The Court’s ‘no fundamental right to marry’ is wrong
The Supreme Court of India’s view with respect to same sex persons, that there is no fundamental right to marry, is incorrect.
The Court's Ruling on Marriage Rights
- Fundamental Right to Marry: Recent Supreme Court ruling denies fundamental right, particularly impacting same-sex individuals, provoking critique for potential infringement.
- Protection from Harassment: Despite limitations, Court mandates protection for same-sex couples, issues guidelines, forming a committee for resolution. Reflects nuanced approach towards LGBTQI rights.
- Need for Correction: Court's safeguarding measures commendable, yet denying marriage right requires rectification. Disregards India's commitment to Universal Declaration of Human Rights.
- Section 377 and Struggles: Landmark cases from Naz Foundation to Navtej Singh Johar illustrate LGBTQI rights progression, highlighting ongoing challenges.
- Transgender Rights and NALSA: Pre-Navtej Johar, NALSA acknowledged self-identification of gender, leading to Transgender Persons Act, addressing recognition and protection.

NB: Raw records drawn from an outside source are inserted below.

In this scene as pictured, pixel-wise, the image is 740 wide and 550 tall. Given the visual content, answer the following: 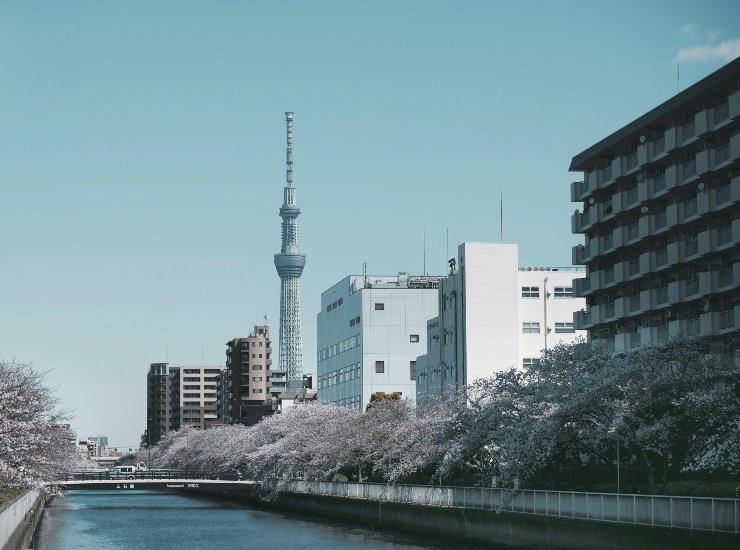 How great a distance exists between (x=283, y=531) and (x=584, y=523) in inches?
1500

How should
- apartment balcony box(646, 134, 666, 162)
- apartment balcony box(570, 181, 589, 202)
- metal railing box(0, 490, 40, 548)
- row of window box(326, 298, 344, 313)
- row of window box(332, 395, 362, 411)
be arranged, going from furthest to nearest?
row of window box(326, 298, 344, 313)
row of window box(332, 395, 362, 411)
apartment balcony box(570, 181, 589, 202)
apartment balcony box(646, 134, 666, 162)
metal railing box(0, 490, 40, 548)

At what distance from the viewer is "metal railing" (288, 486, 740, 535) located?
43938 millimetres

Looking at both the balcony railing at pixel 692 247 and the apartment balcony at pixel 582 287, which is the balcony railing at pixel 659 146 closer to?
the balcony railing at pixel 692 247

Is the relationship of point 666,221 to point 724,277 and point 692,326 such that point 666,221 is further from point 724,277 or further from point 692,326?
point 724,277

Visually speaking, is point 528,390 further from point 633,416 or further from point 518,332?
point 518,332

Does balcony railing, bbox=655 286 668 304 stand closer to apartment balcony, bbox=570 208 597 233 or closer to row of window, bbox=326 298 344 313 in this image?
apartment balcony, bbox=570 208 597 233

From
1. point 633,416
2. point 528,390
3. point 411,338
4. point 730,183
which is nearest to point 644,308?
point 730,183

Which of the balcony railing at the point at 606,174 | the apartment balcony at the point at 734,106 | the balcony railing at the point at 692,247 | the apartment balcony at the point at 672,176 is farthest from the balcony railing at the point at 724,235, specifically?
the balcony railing at the point at 606,174

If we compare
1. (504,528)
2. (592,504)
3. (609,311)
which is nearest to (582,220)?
(609,311)

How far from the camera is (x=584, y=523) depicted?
53531 millimetres

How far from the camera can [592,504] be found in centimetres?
5362

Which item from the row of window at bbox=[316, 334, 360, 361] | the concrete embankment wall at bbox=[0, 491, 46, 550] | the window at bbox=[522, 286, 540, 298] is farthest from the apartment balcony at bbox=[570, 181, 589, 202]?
the row of window at bbox=[316, 334, 360, 361]

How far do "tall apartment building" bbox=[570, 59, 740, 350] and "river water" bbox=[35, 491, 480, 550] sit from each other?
22148 millimetres

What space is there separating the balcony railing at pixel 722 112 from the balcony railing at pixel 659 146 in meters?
6.74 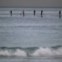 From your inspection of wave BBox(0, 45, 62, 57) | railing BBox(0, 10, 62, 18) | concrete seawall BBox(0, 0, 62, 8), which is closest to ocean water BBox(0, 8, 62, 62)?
wave BBox(0, 45, 62, 57)

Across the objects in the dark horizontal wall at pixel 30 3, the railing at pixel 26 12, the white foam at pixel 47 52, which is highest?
the railing at pixel 26 12

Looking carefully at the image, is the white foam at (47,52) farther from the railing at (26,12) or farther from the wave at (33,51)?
the railing at (26,12)

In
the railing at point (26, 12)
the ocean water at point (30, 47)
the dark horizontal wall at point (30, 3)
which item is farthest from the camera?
the railing at point (26, 12)

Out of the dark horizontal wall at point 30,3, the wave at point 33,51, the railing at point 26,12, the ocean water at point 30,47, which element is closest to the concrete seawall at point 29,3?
the dark horizontal wall at point 30,3

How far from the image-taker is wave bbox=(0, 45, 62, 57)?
1.50 m

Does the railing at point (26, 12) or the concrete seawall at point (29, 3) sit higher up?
the railing at point (26, 12)

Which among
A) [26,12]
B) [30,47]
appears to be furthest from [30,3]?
[30,47]

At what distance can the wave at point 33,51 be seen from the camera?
4.92 ft

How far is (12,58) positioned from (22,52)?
140 mm

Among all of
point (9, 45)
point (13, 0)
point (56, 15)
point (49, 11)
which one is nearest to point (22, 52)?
point (9, 45)

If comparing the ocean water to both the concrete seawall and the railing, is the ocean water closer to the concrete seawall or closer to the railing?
the concrete seawall

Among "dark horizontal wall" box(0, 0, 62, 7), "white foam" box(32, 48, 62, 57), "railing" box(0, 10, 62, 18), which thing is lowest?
"white foam" box(32, 48, 62, 57)

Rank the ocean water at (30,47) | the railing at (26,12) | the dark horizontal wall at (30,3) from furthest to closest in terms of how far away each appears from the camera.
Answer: the railing at (26,12) → the dark horizontal wall at (30,3) → the ocean water at (30,47)

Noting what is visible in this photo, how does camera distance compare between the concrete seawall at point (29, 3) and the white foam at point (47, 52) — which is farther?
the concrete seawall at point (29, 3)
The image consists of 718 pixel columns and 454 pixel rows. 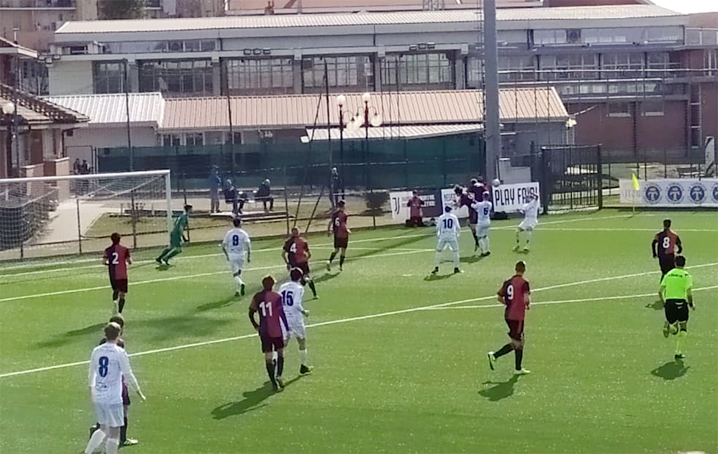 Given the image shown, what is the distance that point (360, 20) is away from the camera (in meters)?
77.7

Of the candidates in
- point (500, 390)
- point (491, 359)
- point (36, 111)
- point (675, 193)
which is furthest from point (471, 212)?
point (36, 111)

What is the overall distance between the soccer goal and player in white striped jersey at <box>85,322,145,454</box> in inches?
840

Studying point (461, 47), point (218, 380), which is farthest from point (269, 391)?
point (461, 47)

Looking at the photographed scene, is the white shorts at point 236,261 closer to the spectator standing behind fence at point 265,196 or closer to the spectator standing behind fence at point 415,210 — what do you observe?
the spectator standing behind fence at point 415,210

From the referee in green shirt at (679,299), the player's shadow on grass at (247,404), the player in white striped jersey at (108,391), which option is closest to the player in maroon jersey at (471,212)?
the referee in green shirt at (679,299)

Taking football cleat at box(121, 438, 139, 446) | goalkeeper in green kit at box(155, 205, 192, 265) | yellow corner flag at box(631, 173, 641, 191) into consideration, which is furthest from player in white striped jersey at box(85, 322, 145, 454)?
yellow corner flag at box(631, 173, 641, 191)

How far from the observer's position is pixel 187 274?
3256cm

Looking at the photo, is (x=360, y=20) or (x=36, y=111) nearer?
(x=36, y=111)

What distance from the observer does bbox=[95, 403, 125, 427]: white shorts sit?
14.1 meters

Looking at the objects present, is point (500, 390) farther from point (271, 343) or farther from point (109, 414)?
point (109, 414)

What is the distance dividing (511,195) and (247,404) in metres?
29.0

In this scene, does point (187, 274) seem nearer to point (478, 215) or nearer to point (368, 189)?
point (478, 215)

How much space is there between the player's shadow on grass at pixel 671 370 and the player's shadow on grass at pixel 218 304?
35.5 feet

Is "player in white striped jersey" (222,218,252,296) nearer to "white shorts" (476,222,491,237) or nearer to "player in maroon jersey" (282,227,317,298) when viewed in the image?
"player in maroon jersey" (282,227,317,298)
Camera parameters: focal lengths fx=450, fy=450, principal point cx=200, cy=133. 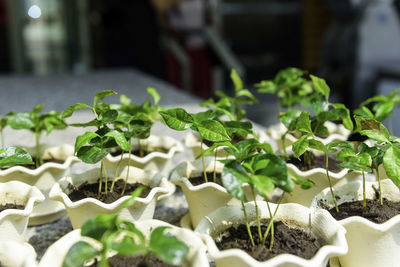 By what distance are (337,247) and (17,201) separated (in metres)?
0.64

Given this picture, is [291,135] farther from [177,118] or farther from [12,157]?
[12,157]

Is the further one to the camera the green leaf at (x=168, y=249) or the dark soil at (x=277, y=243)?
the dark soil at (x=277, y=243)

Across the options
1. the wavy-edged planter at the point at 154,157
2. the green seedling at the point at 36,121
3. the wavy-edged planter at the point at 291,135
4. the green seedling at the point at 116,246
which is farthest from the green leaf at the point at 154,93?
the green seedling at the point at 116,246

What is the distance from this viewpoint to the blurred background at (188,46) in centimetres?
322

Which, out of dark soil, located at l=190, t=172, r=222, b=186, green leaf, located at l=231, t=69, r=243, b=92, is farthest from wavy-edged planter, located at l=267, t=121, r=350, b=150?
dark soil, located at l=190, t=172, r=222, b=186

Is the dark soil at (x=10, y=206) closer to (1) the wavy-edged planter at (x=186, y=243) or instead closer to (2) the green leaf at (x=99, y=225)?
(1) the wavy-edged planter at (x=186, y=243)

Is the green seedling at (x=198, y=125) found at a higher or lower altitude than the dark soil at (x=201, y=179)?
higher

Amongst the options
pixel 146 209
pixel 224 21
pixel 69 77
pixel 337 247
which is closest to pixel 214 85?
pixel 69 77

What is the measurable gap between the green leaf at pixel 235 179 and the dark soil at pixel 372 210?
0.30 m

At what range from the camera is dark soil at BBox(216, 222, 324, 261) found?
729 mm

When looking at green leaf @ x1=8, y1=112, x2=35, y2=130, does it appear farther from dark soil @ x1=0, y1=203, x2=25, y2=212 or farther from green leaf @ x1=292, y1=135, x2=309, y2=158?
green leaf @ x1=292, y1=135, x2=309, y2=158

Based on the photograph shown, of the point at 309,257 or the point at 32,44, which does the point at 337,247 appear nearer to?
the point at 309,257

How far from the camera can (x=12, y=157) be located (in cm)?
86

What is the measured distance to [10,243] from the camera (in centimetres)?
68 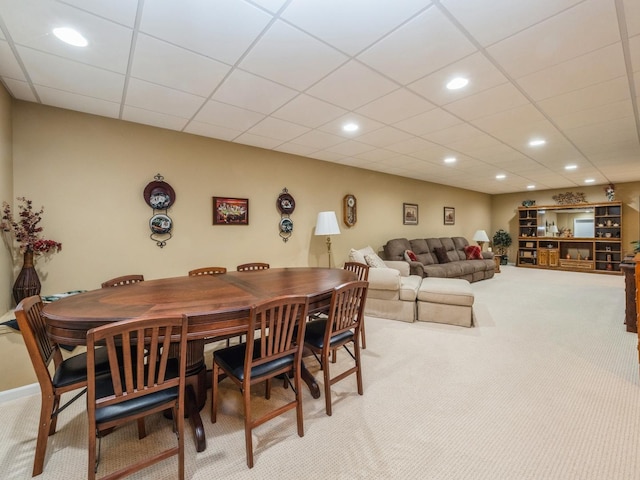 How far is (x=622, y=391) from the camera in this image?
85.0 inches

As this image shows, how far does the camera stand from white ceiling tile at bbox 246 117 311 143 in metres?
3.17

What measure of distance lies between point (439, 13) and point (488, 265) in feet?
21.0

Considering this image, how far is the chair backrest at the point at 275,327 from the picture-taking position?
5.12 ft

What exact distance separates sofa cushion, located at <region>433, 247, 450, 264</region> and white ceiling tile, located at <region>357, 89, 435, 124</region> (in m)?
4.17

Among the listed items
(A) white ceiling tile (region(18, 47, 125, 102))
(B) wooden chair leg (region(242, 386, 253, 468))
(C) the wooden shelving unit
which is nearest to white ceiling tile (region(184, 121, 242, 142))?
(A) white ceiling tile (region(18, 47, 125, 102))

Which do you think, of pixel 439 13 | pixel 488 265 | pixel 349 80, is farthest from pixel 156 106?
pixel 488 265

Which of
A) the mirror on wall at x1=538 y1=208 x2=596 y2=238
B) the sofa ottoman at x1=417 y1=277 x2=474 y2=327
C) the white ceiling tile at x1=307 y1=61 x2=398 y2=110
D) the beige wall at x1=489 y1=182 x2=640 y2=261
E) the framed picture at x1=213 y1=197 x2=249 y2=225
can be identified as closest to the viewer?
the white ceiling tile at x1=307 y1=61 x2=398 y2=110

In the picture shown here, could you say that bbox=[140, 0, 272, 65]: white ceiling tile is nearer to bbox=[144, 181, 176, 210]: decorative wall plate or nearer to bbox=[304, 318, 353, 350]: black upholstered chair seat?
bbox=[144, 181, 176, 210]: decorative wall plate

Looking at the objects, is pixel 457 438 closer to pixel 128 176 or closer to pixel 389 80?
pixel 389 80

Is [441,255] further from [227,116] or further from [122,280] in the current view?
[122,280]

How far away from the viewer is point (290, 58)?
6.50 ft

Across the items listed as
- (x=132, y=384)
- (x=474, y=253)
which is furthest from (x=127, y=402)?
(x=474, y=253)

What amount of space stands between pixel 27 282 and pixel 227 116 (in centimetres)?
237

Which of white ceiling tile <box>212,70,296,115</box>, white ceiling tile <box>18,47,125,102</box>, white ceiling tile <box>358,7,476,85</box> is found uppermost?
white ceiling tile <box>212,70,296,115</box> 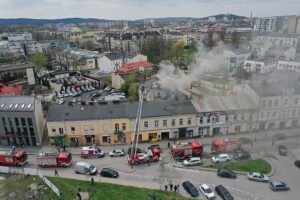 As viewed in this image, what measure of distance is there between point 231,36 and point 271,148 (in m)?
79.1

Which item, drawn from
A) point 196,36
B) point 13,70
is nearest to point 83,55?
point 13,70

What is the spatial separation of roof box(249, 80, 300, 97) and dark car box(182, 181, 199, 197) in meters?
21.3

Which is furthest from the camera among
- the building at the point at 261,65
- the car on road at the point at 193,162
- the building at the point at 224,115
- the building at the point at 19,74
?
the building at the point at 19,74

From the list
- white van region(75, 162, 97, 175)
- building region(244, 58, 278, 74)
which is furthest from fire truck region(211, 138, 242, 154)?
building region(244, 58, 278, 74)

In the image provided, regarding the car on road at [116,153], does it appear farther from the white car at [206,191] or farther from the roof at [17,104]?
the roof at [17,104]

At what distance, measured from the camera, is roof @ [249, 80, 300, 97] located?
42.5 metres

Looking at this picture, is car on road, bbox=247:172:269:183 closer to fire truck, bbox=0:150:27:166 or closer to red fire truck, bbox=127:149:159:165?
red fire truck, bbox=127:149:159:165

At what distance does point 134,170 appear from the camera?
1296 inches

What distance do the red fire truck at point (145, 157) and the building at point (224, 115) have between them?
10204 mm

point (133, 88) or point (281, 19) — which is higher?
point (281, 19)

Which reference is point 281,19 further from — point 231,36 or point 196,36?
point 196,36

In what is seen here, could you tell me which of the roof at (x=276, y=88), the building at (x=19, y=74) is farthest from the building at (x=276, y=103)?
the building at (x=19, y=74)

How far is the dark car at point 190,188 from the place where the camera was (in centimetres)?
2789

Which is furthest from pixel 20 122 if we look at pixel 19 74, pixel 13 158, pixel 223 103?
pixel 19 74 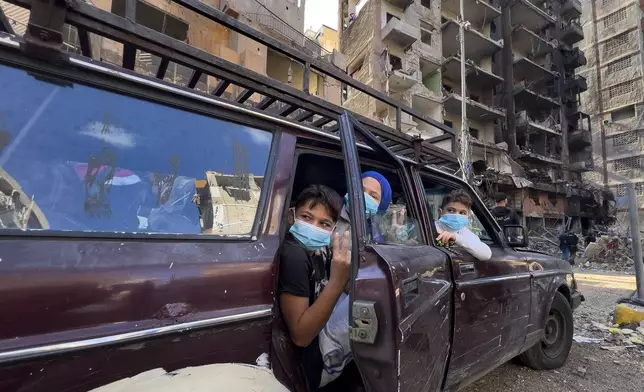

- Marriage's Significance: Beyond legalities, marriage bestows inheritance, decision-making authority, and societal legitimacy. Denying this reinforces stigmatization and inequality for same-sex couples.
- Transgender Marriages and Contradictions: Recognition underscores nuanced gender identity understanding, but contradicts limiting marriage rights based on biological sexes.
- Impact on LGBTQI Communities: Denial not only discriminates but reinforces the notion of unfitness for marriage, perpetuating second-class status, affecting societal standing.
- Role of International Jurisprudence: Incorporating U.S. jurisprudence in Supriyo Chakraborty, yet dismissing foreign legal principles in marriage matters requires reassessment.